#### INFORMATION PROVIDED ####

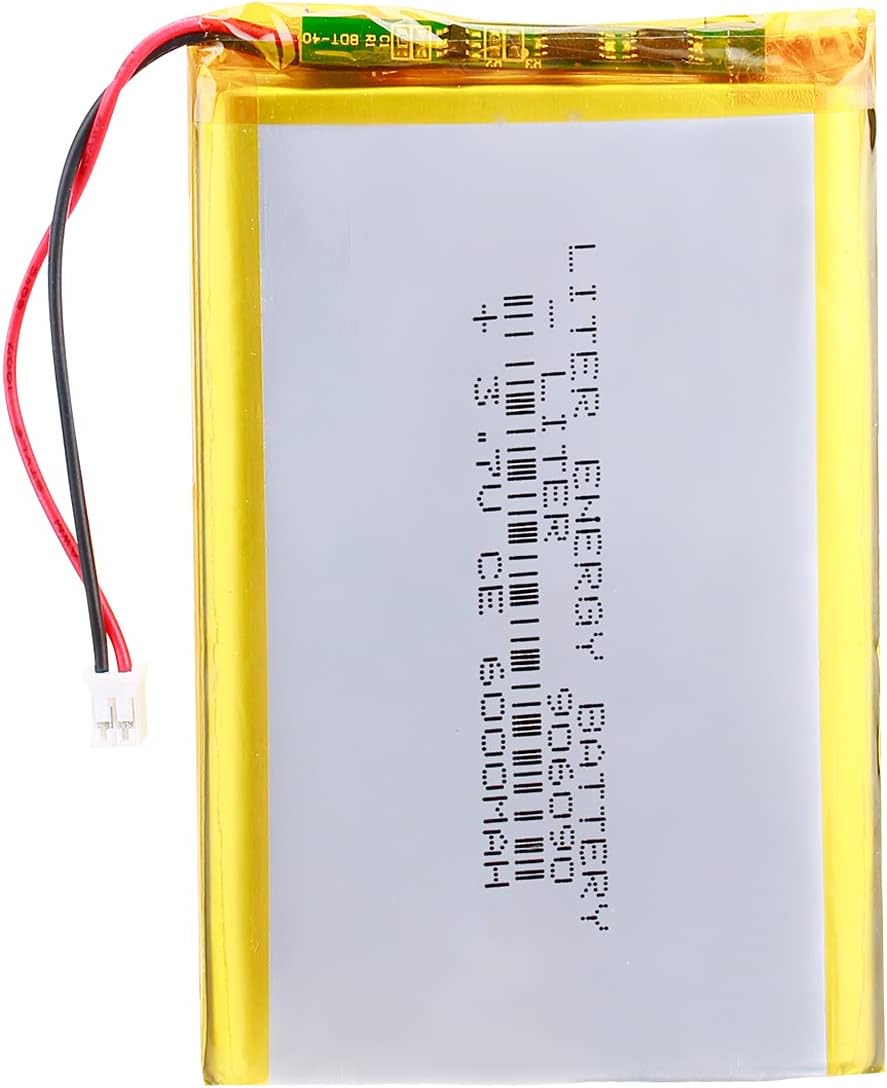 Liter energybattery 3.7V Lipo Battery 6000mAh Rechargeable Lithium ion Polymer Battery 906090 with JST Connector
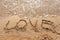 Beaches waves and love text drawn.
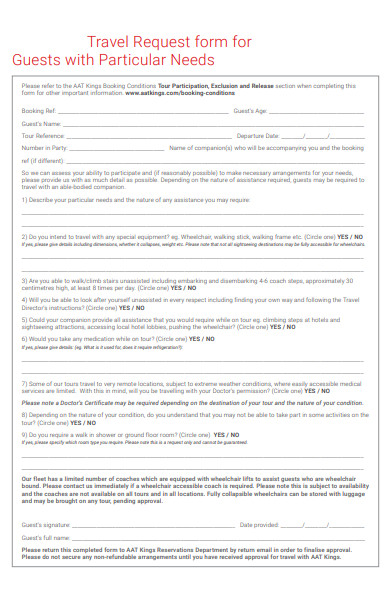 guest travel request form
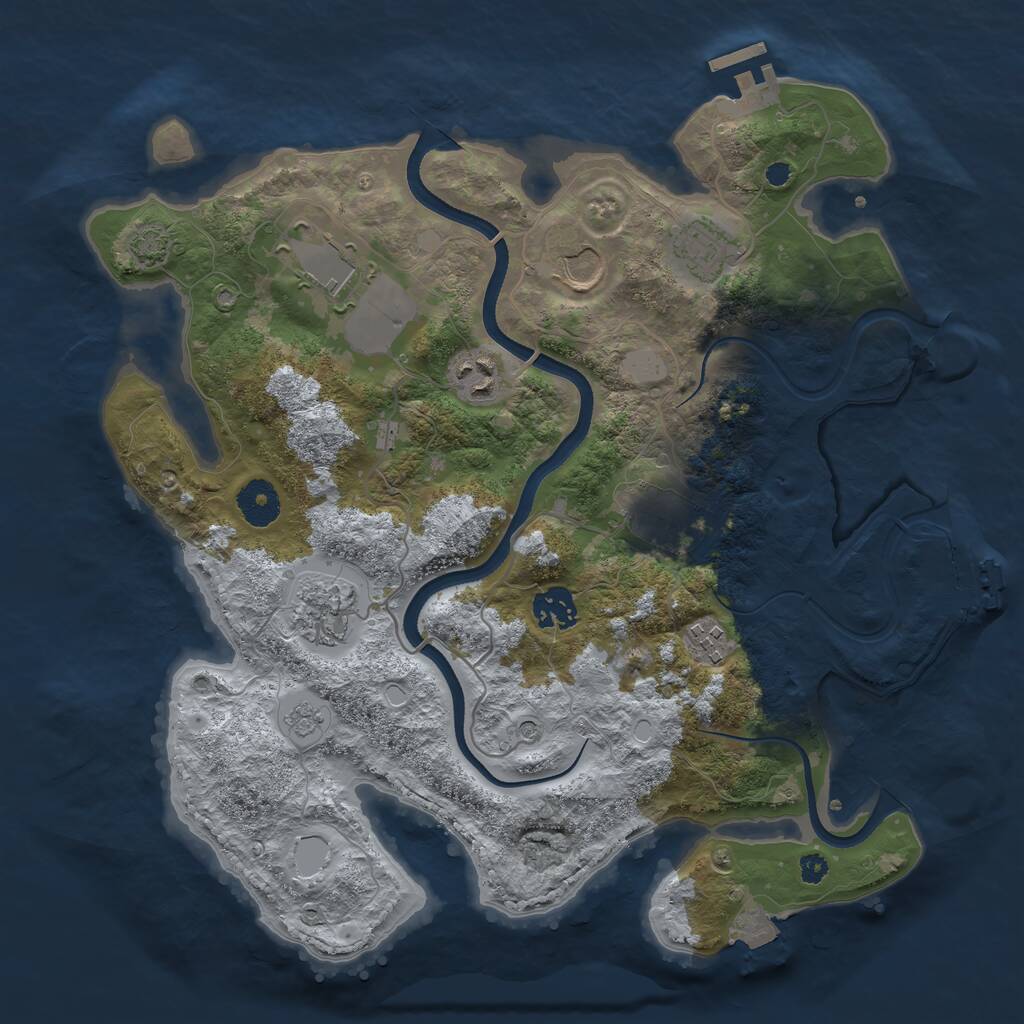 Rust Map: Procedural Map, Size: 3500, Seed: 1562008663, 14 Monuments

####

_YOUR INSTRUCTIONS_. The answer must consist solely of the lines from the one with "Beaches waves and love text drawn." through the final line of the data, each reproduced exactly and with pictures omitted.

_RESPONSE FOR THIS EXERCISE_.
 Beaches waves and love text drawn.
 guest travel request form
 Rust Map: Procedural Map, Size: 3500, Seed: 1562008663, 14 Monuments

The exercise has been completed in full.